**Exercise requirements:** The records below should be copied in full, exactly as shown.

**Extracted records:**

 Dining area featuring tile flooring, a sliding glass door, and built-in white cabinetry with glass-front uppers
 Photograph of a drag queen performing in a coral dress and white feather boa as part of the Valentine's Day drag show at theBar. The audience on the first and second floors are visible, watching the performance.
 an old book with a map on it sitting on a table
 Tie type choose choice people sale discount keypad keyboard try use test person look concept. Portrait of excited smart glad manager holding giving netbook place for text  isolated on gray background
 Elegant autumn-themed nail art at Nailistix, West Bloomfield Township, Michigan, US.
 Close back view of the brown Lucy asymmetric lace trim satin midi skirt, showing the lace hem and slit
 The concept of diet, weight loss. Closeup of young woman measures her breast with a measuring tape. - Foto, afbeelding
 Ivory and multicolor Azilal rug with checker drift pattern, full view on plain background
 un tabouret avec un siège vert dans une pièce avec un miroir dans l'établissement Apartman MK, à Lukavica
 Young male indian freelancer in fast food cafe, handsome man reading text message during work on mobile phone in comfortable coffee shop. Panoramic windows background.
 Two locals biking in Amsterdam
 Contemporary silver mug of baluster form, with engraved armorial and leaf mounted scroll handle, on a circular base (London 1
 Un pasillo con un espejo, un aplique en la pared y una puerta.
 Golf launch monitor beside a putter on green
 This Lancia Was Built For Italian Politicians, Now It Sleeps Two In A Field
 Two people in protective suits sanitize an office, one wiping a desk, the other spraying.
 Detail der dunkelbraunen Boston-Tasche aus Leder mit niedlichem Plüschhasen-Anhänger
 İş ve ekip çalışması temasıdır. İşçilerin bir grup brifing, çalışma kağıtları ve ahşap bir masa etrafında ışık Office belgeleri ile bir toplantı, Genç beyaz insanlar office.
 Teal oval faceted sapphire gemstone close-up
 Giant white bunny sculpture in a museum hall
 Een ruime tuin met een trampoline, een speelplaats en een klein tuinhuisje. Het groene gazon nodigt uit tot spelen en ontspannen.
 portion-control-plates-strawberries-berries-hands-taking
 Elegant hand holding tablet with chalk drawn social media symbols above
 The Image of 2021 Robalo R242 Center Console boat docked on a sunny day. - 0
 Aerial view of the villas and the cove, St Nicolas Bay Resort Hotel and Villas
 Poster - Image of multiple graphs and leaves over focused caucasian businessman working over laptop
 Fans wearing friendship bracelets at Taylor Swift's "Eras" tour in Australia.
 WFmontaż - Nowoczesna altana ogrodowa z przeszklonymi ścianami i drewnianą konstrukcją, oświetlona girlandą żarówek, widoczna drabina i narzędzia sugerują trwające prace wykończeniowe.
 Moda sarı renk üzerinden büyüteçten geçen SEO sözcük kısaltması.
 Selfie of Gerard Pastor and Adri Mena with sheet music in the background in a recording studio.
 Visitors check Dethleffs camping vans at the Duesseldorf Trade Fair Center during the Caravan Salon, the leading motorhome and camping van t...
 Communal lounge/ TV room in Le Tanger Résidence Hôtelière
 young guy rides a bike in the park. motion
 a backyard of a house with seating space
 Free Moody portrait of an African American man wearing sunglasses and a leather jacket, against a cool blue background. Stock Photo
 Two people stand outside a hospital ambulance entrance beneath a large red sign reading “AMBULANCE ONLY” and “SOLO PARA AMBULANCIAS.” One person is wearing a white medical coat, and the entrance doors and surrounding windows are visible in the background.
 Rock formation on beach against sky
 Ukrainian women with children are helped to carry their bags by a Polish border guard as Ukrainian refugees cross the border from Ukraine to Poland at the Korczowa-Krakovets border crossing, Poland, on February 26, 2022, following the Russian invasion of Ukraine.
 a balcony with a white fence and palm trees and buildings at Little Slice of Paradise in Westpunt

**Response area:**
 Dining area featuring tile flooring, a sliding glass door, and built-in white cabinetry with glass-front uppers
 Photograph of a drag queen performing in a coral dress and white feather boa as part of the Valentine's Day drag show at theBar. The audience on the first and second floors are visible, watching the performance.
 an old book with a map on it sitting on a table
 Tie type choose choice people sale discount keypad keyboard try use test person look concept. Portrait of excited smart glad manager holding giving netbook place for text  isolated on gray background
 Elegant autumn-themed nail art at Nailistix, West Bloomfield Township, Michigan, US.
 Close back view of the brown Lucy asymmetric lace trim satin midi skirt, showing the lace hem and slit
 The concept of diet, weight loss. Closeup of young woman measures her breast with a measuring tape. - Foto, afbeelding
 Ivory and multicolor Azilal rug with checker drift pattern, full view on plain background
 un tabouret avec un siège vert dans une pièce avec un miroir dans l'établissement Apartman MK, à Lukavica
 Young male indian freelancer in fast food cafe, handsome man reading text message during work on mobile phone in comfortable coffee shop. Panoramic windows background.
 Two locals biking in Amsterdam
 Contemporary silver mug of baluster form, with engraved armorial and leaf mounted scroll handle, on a circular base (London 1
 Un pasillo con un espejo, un aplique en la pared y una puerta.
 Golf launch monitor beside a putter on green
 This Lancia Was Built For Italian Politicians, Now It Sleeps Two In A Field
 Two people in protective suits sanitize an office, one wiping a desk, the other spraying.
 Detail der dunkelbraunen Boston-Tasche aus Leder mit niedlichem Plüschhasen-Anhänger
 İş ve ekip çalışması temasıdır. İşçilerin bir grup brifing, çalışma kağıtları ve ahşap bir masa etrafında ışık Office belgeleri ile bir toplantı, Genç beyaz insanlar office.
 Teal oval faceted sapphire gemstone close-up
 Giant white bunny sculpture in a museum hall
 Een ruime tuin met een trampoline, een speelplaats en een klein tuinhuisje. Het groene gazon nodigt uit tot spelen en ontspannen.
 portion-control-plates-strawberries-berries-hands-taking
 Elegant hand holding tablet with chalk drawn social media symbols above
 The Image of 2021 Robalo R242 Center Console boat docked on a sunny day. - 0
 Aerial view of the villas and the cove, St Nicolas Bay Resort Hotel and Villas
 Poster - Image of multiple graphs and leaves over focused caucasian businessman working over laptop
 Fans wearing friendship bracelets at Taylor Swift's "Eras" tour in Australia.
 WFmontaż - Nowoczesna altana ogrodowa z przeszklonymi ścianami i drewnianą konstrukcją, oświetlona girlandą żarówek, widoczna drabina i narzędzia sugerują trwające prace wykończeniowe.
 Moda sarı renk üzerinden büyüteçten geçen SEO sözcük kısaltması.
 Selfie of Gerard Pastor and Adri Mena with sheet music in the background in a recording studio.
 Visitors check Dethleffs camping vans at the Duesseldorf Trade Fair Center during the Caravan Salon, the leading motorhome and camping van t...
 Communal lounge/ TV room in Le Tanger Résidence Hôtelière
 young guy rides a bike in the park. motion
 a backyard of a house with seating space
 Free Moody portrait of an African American man wearing sunglasses and a leather jacket, against a cool blue background. Stock Photo
 Two people stand outside a hospital ambulance entrance beneath a large red sign reading “AMBULANCE ONLY” and “SOLO PARA AMBULANCIAS.” One person is wearing a white medical coat, and the entrance doors and surrounding windows are visible in the background.
 Rock formation on beach against sky
 Ukrainian women with children are helped to carry their bags by a Polish border guard as Ukrainian refugees cross the border from Ukraine to Poland at the Korczowa-Krakovets border crossing, Poland, on February 26, 2022, following the Russian invasion of Ukraine.
 a balcony with a white fence and palm trees and buildings at Little Slice of Paradise in Westpunt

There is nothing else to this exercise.